Jestem już ponad 2 lata ze swoją obecną dziewczyną mamy (ona 27, ja 32). Mieszka u mnie, 1 pokój w mieszkaniu wynajmujemy innej osobie. Wcześniej była to jej koleżanka. Trochę mnie #!$%@?ą, bo dziewczyny mają problem ze sprzątaniem, jednej z drugą nie chciało się włączyć odkurzacza, ogarnąć mieszkania, albo wyszorować łazienki (a przecież spędzały tam najwięcej czasu).
Teraz, od paru miesięcy miał z nami mieszkać mój kumpel z Ukrainy, ale w jego miejsce przyszła jego 23 letnia znajoma. Nie miałem z tym problemu, moja dziewczyna też nie, bo myślała, że to będzie tylko chwilowo do czasu, aż ten kumpel przyjedzie. W ogóle chyba myślała, że to jego dziewczyna. No przyjechał, ale mieszka gdzie indziej.
Jestem zaskoczony jaką kobietą jest, dom zawsze ogarnięty, nawet zadzwoni zapytać, czy chcę to czy tamto na obiad bo "dla siebie będzie gotować" (kiedy moja gotować nie chce).

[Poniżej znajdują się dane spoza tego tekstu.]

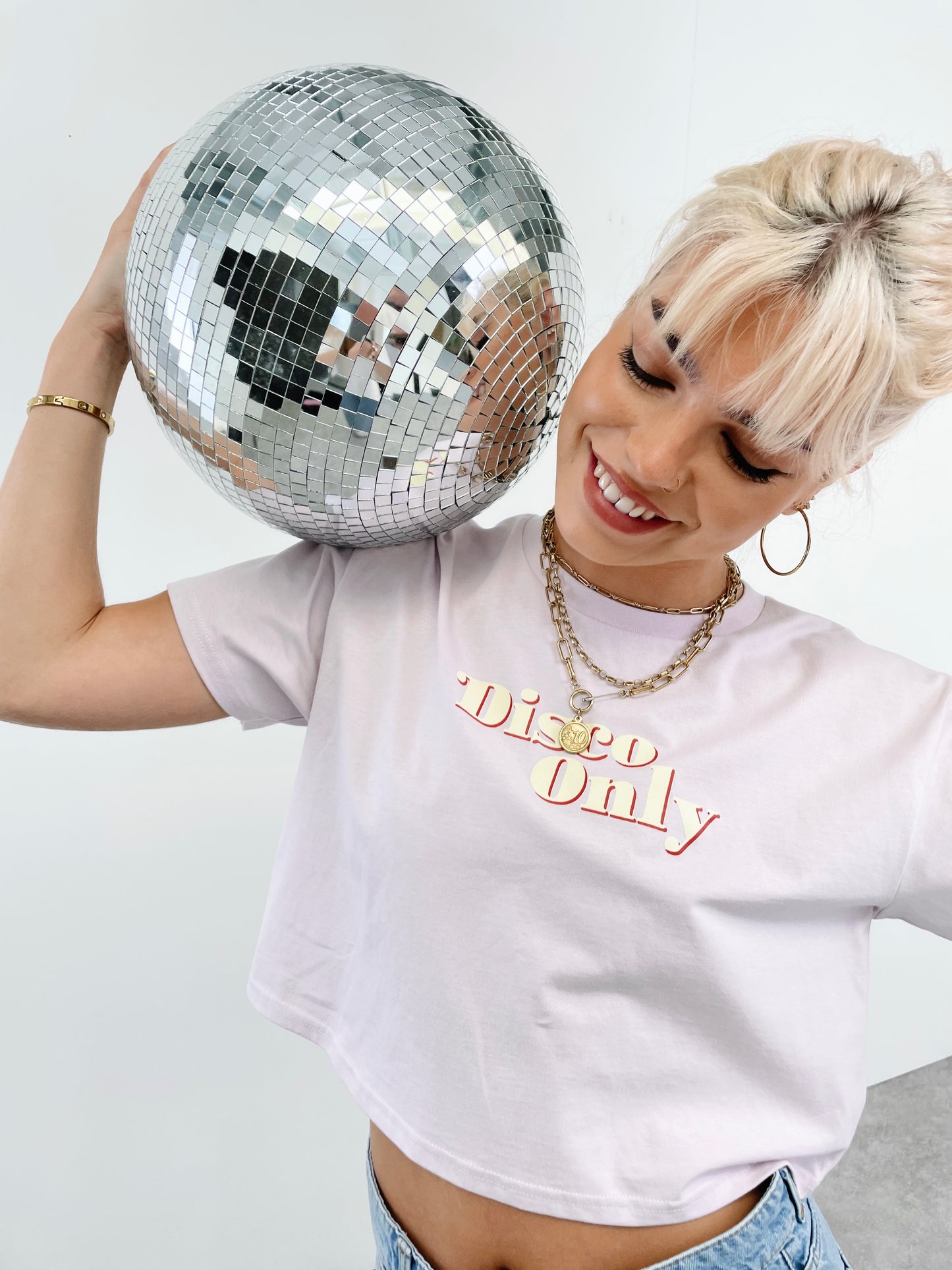 DISCO ONLY WMNS '70s' Cropped Tee - Orchid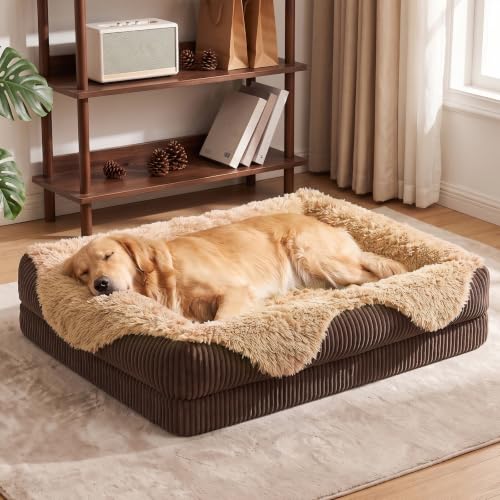 Orthopedic Dog Bed for Large Sized Dog (Brown / 42"L x 30"W x 7"T)
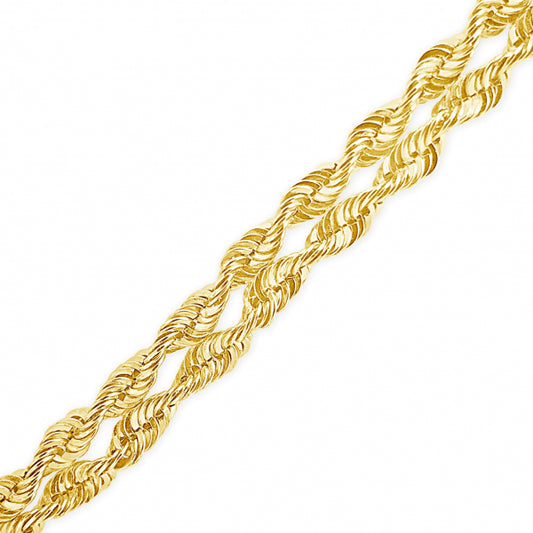 10K Yellow Gold  2 row Rope Chain w/ Diamond Cuts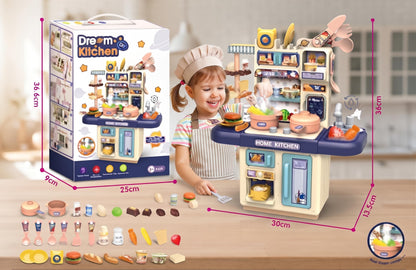 Dream Kitchen DIY - Mini Dream Kitchen Pretend Play Set with Lights, Sounds, Steam Stove & Accessories - 63 Pcs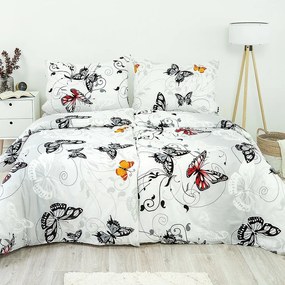 Stanex Pamut ágynemő Pillangó fehér, 140 x 200 cm, 70 x 90 cm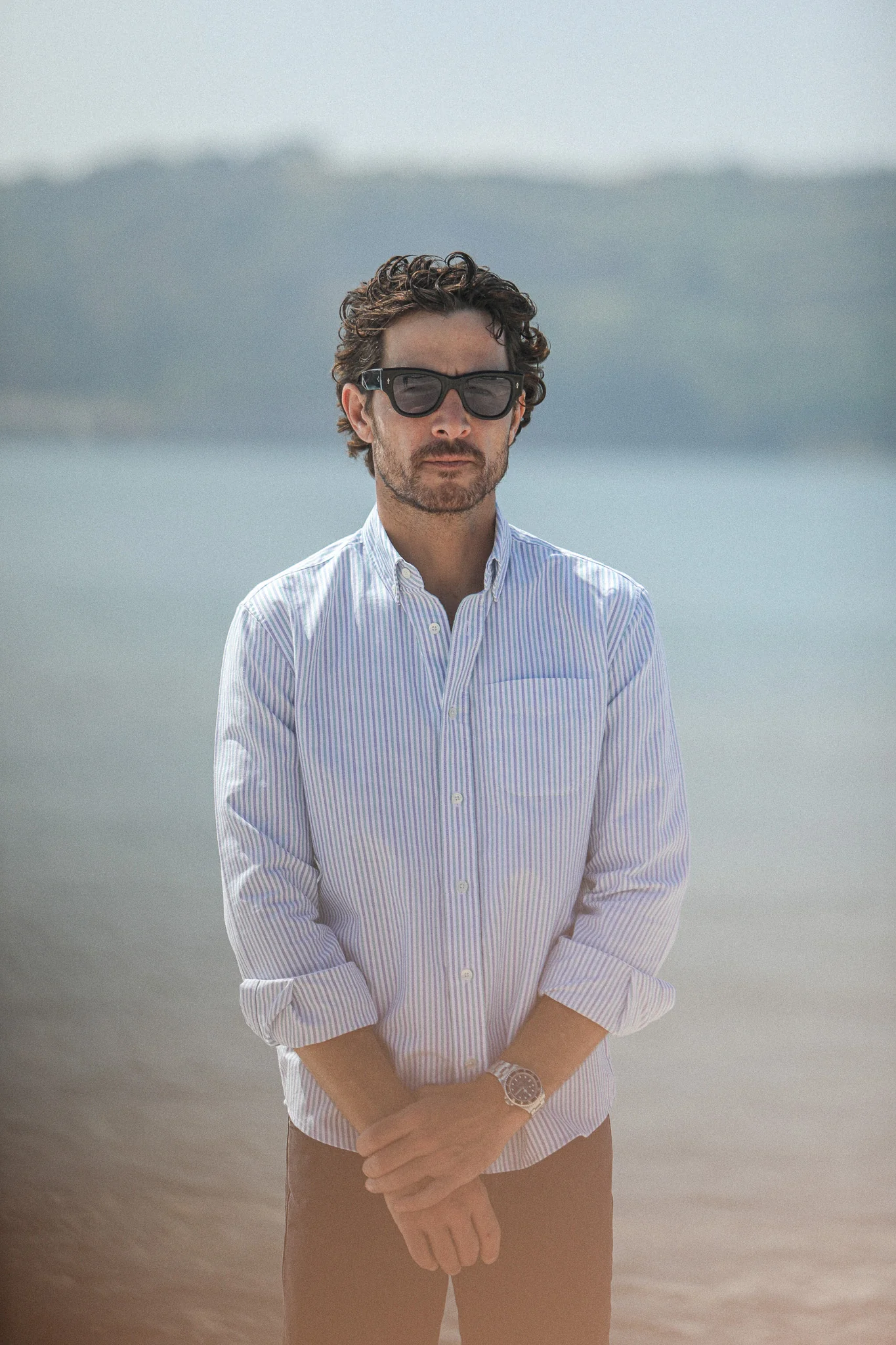 Chemise Oxford Rayures Blue & Green - Retro Fit - Image 2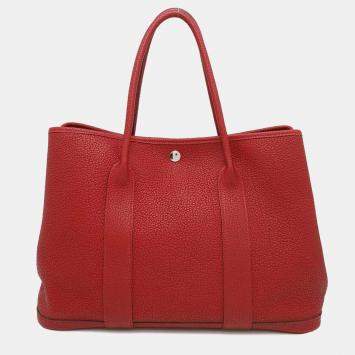 Pre Owned Hermes Garden Party Rouge Casaque Negonda Leather 36 Bag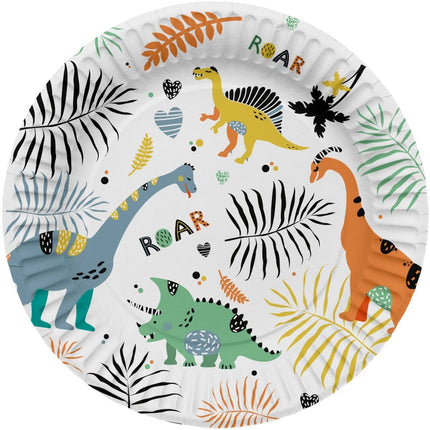 Papieren Borden - Dino Roars - 23 cm - 8 stuks van Folat koop je bij Partywinkel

Parę razy rozmawiałem z nią o rodzinie, w ogóle ona jest bardzo rodzinna, co niesamowicie cenię, nawija, że chciałaby mieć przynajmniej troje dzieci, kiedy moja mówiła, że "może kiedyś". Na początku myślałem, że to zwykłe zauroczenie, ale teraz widzę, że już minęło, a nadal nie potrafię jej ignorować, tym bardziej że powiedziała mi nawet wprost, że chciałaby ze mną być.